CIS 307: TOPIC: Machine Instructions for Concurrency. Spinlocks
These topics are not treated in Tanenbaum (only TestAndSet is)
[TestAndSet],
[Swap and Fetch_and_Store],
[Compare and Swap],
[Non-Blocking Concurrent Queue],
[Yield],
[Spinlocks]
We consider some machine instructions that support concurrency.
TestAndSet and Swap are used (one or the other) for implementing spinlocks
when more than one processor is used (hence interrupt masking is not
sufficient). These two instructions, and all other instructions used for
implementing spinlocks, do some reads and some writes to memory in a single
atomic action.
Yield is used to support simple forms of context switching.
Always be conscious of the hardware support for Operating Systems functions.
There are a number of reasons for this support. It may be the only way to
solve the problem and,
always, it allows solutions that are
more efficient than purely software solutions.
TestAndSet
We can think of the TestAndSet instruction as a function implemented atomically
in hardware. Here is this function:
int TestAndSet(int *x){
int temp = *x;
*x = 1;
return temp;
end;
Swap and Fetch_and_Store
The Swap instruction can also be thought of as a procedure implemented
atomically in hardware.
Here is this procedure:
procedure Swap (a : in out integer; b : in out integer);
Local Variable temp : integer;
begin
temp := a;
a := b;
b := temp;
end;
It is easy to see that Swap can be used to implement TestAndSet. [Just store
1 in b, swap, and return b.]
Swap can be implemented in terms of
TestAndSet but it is more difficult [you need to create a critical region].

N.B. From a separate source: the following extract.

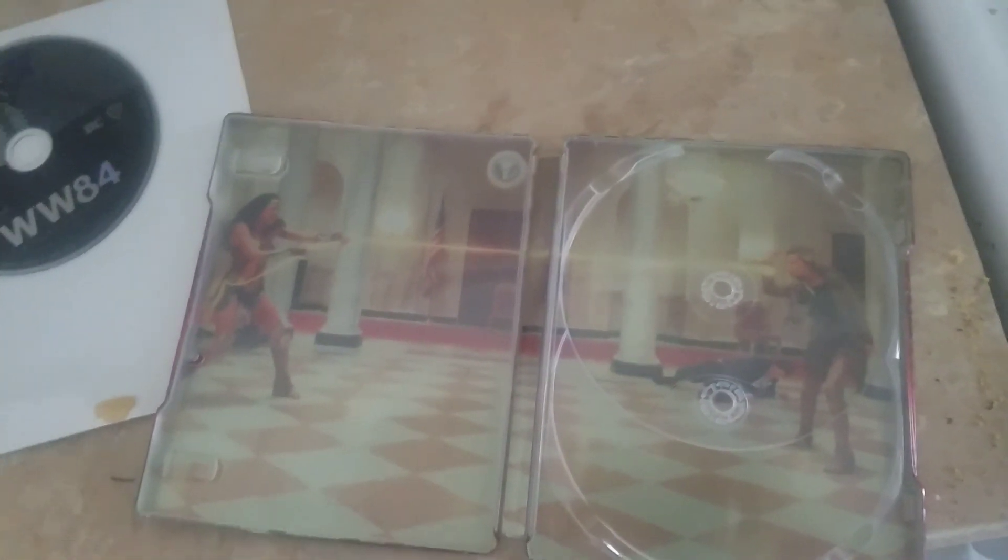All right, I'm gonna speed this up, I'm running out of room here. There's your discs — blue and black — there's your artwork. Thanks for joining me for another edition of Tuesday's grab bag. Have a good day.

A similar atomic machine instruction is fetch_and_store:
function Fetch_and_Store (a : in out integer; b : in integer): integer;
Local Variable temp : integer;
begin
temp := a;
a := b;
return temp;
end;
Compare and Swap
A more powerful atomic instruction is
Compare-and-Swap. This is not
available on most computers but it may be implemented in terms of other
atomic instructions. The instruction takes three arguments. The first is an
address, the second and third are integer values, called respectively the
old and the new value. The istruction
atomically does the following:
function Compare_and_Swap(addr: ^integer; old: integer; new: integer): boolean
compare the value at addr to old
if they are equal then
set value at addr to new and return success
else
return failure
This instruction has been used to create protected, non blocking objects
(for example queues, as shown in the next section),
that is objects that can be modified atomically and without forcing a
process to wait [either busy-wait or non-busy-wait].
Non-Blocking Concurrent Queue
The following example of non-blocking algorithms is due to Michael and Scott.

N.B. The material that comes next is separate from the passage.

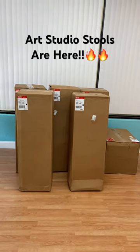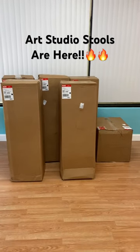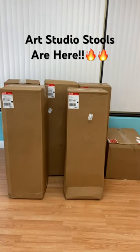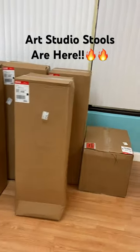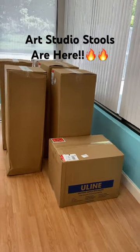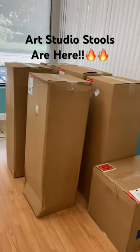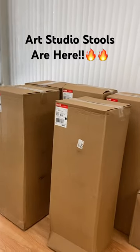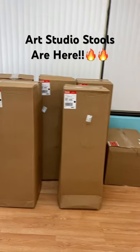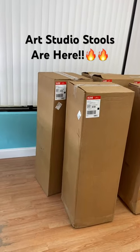Hey guys, what's up! Guess what just came — our art studio stools just arrived via UPS Ground. Here are the boxes, just got delivered a couple minutes ago. They came from Uline — we got five or six boxes here just delivered.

It specifies a queue that can be safely used by concurrent proceses
without the need of any spinlock or semaphore. In the following CAS
stands for CompareAndSwap.
structure pointer_t {ptr: pointer to node_t, count: unsigned integer}
structure node_t {value: data type, next: pointer_t}
structure queue_t {Head: pointer_t, Tail: pointer:t}
initialize(Q: pointer to queue_t)
node = new node() // Allocate a free node
node->next.ptr = NULL // Make it the only node in the linked list
Q->Head = Q->Tail = node // Both Head and Tail point to it
enqueue(Q: pointer to queue_t, value: data type)
node = new node() // Allocate a new node from the free list
node->value = value // Copy enqueued value into node
node->next.ptr = NULL // Set next pointer of node to NULL
loop // Keep trying until enqueue is done
tail = Q->tail // Read Tail.ptr and Tail.count together
next = tail.ptr->next // Read next ptr and count fields together
if tail == Q->Tail // Are tail and next consistent?

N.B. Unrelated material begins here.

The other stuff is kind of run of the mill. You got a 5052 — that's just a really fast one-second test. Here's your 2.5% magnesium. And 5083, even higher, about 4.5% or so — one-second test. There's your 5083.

if next.ptr == NULL // Was Tail pointing to the last node?
if CAS(&tail.ptr->next,next,[node,next.count+1]) // try to link
// node at the end of the linked list
break // Enqueue is done, exit loop
endif
else
CAS(&Q->Tail,tail,[next.ptr,tail.count+1]) // Try to swing
// Tail to the next node
endif
endloop
CAS(&Q->Tail, tail, [node,tail.count+1]) // Enqueue is done. Try to
// swing tail to the inserted node.
dequeue(Q: pointer to queue_t, pvalue: pointer to data type): boolean
loop //Keep trying until dequeue is done
head = Q->Head //Read Head
tail = Q->Tail //Read Tail
next = head->next //Read Head.ptr->next
if head == Q->Head //Are head, tail, and next consistent?
if head.ptr == tail.ptr //Is queue empty or Tail falling behind?
if next.ptr == NULL //Is queue empty?
return FALSE //Queue is empty, could't dequeue
endif
CAS(&Q->Tail,tail,[next.ptr,tail.count+1]) //Tail is falling behind.
//Try to advance it
else //No need to deal with Tail
*pvalue = next.ptr->value//Read value before CAS, otherwise
//another dequeue might free the next node
if CAS(&Q->Head,head,[next.ptr,head.count+1]) //Try to swing Head
//to the next node
break //Dequeue is done. Exit loop
endif
endif
endloop
free(head.ptr) //It is safe now to free the old dummy node
return TRUE //Queue wasnot empty, dequeue succeeded
Yield
Also the Yield instruction can be thought of as a procedure implemented in
hardware.
procedure Yield (a : address; b : address);
begin
MEMORY[a] := ProgramCounter;
ProgramCounter := MEMORY[b];
end;
Yield is used to switch from one process to another. Let's represent with P^
the location where in a process P we save its PC at the time of the switch,
and let's represent with * the location P^ of the current process P.
Then the switch from process P to process Q can be effected with
- Yield(P^, Q^); or just
- Yield(*, Q^);
It is easy to use Yield to implement Co-routine structures. For example,
the "RESUME Q^" statement is replaced simply by "Yield *, Q^".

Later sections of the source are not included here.